Wakeupalicedear!

最近はほとんどドラマの感想なんだけど、ほんとは短い小説を書くためなんだけど。

あいつのプレー

 

あいつのプレーは本当に予測不能だよ。
新聞に書いてあったが、司令塔のポジションなのに、味方にも何を考えているか全くわからないらしい。
考え方にパターンというものが一切ないらしいんだ。
それで、なるほどな、と思ったよ。
たとえば、ヒッチコックの映画では、犯罪を犯す側、あるいは狙われる側の考え方の癖が描かれている。それが引き金になって危機に陥るんだ。
たとえば、囲碁や将棋、チェスでもそうだ。どんな指し手にも癖がある。
そこが相手にとってみれば狙い目なんだ。
その、考え方の癖がないとなれば、予測ができない。
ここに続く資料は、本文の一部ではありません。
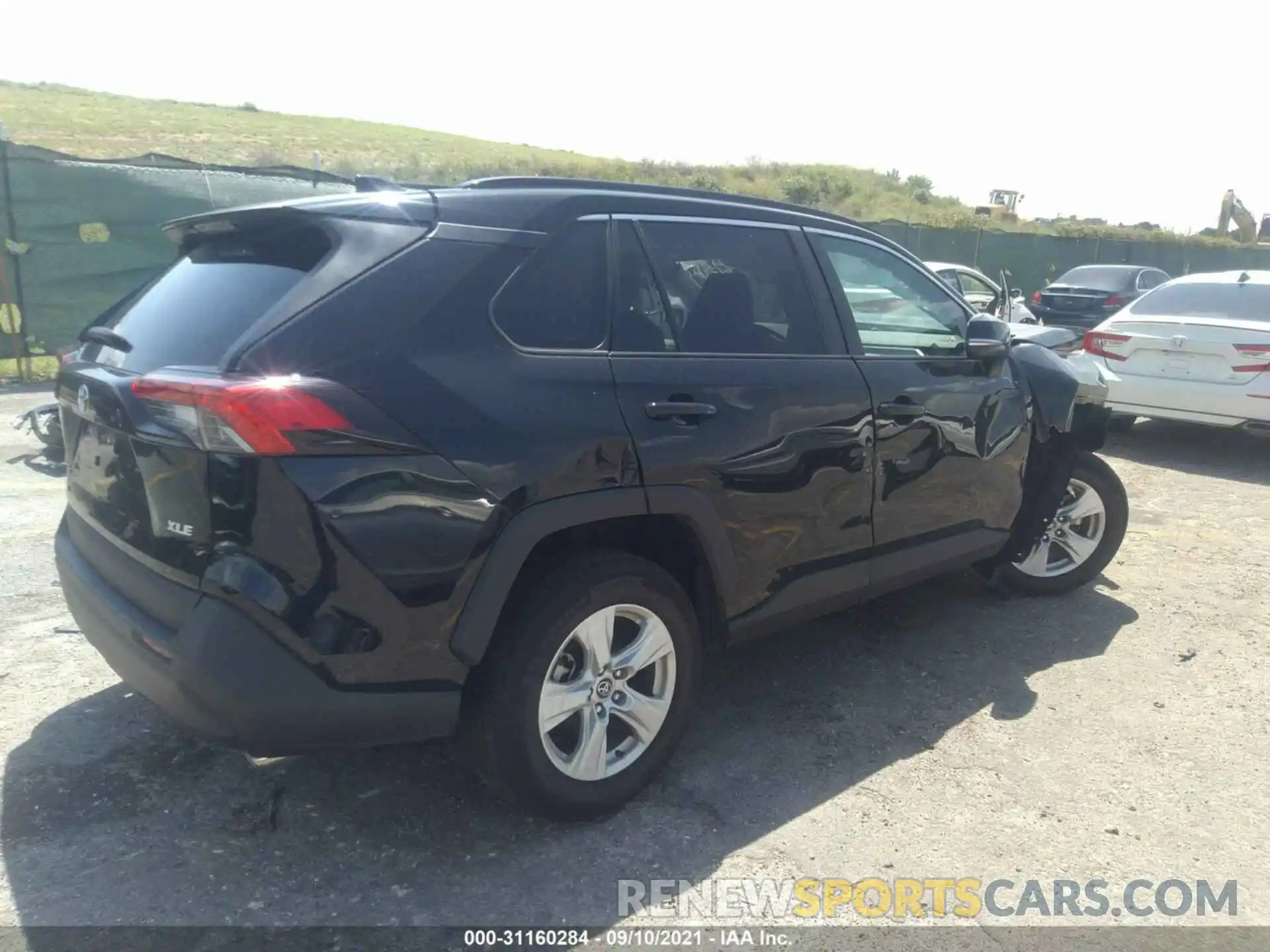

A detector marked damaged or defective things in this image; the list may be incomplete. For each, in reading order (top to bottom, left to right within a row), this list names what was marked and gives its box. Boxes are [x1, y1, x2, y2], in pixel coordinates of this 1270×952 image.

crumpled fender [990, 345, 1112, 563]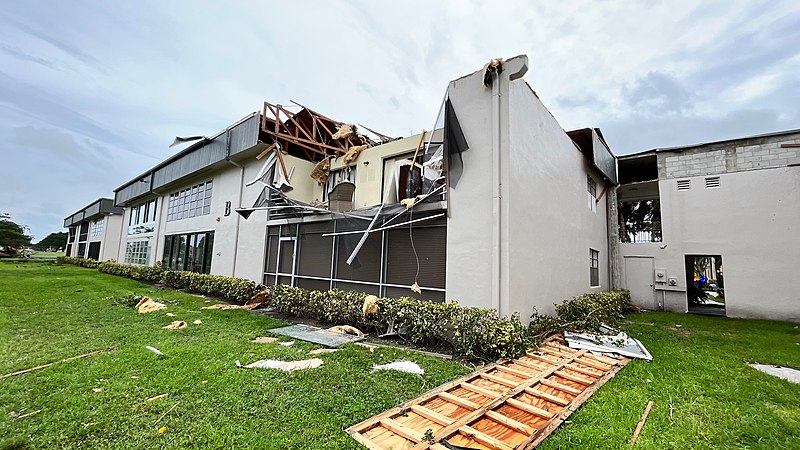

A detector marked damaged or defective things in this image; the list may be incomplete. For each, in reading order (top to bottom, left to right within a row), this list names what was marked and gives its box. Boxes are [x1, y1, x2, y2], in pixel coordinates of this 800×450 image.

防ぐことができないんだ。
しかもあいつは、どこを見ているのかもわからない。目が昆虫なみの複眼なのか?
後方の見えないはずの選手やボールの動きもまるで見えているかのようだし、
目の前の相手のわずかな重心移動や首の角度、眼球の動きから予測して、相手の裏をつく動きをみせる。
敵は気がつけばあいつに背中を向けているというわけだ。
それでは身の防ぎようがない。ああいう相手とは対峙したくないね。
ナイフでも持たせればおしまいだ。
気が付いたときには背中にナイフが刺さっているだろうよ。
そういえば、あの連続通り魔刺殺事件は、まだ手がかりなしか?
 
犯行状況がバラバラで、あいかわらずパターンが読めないんです。
被害者が不意を突かれるように背中を刺されているということ以外には。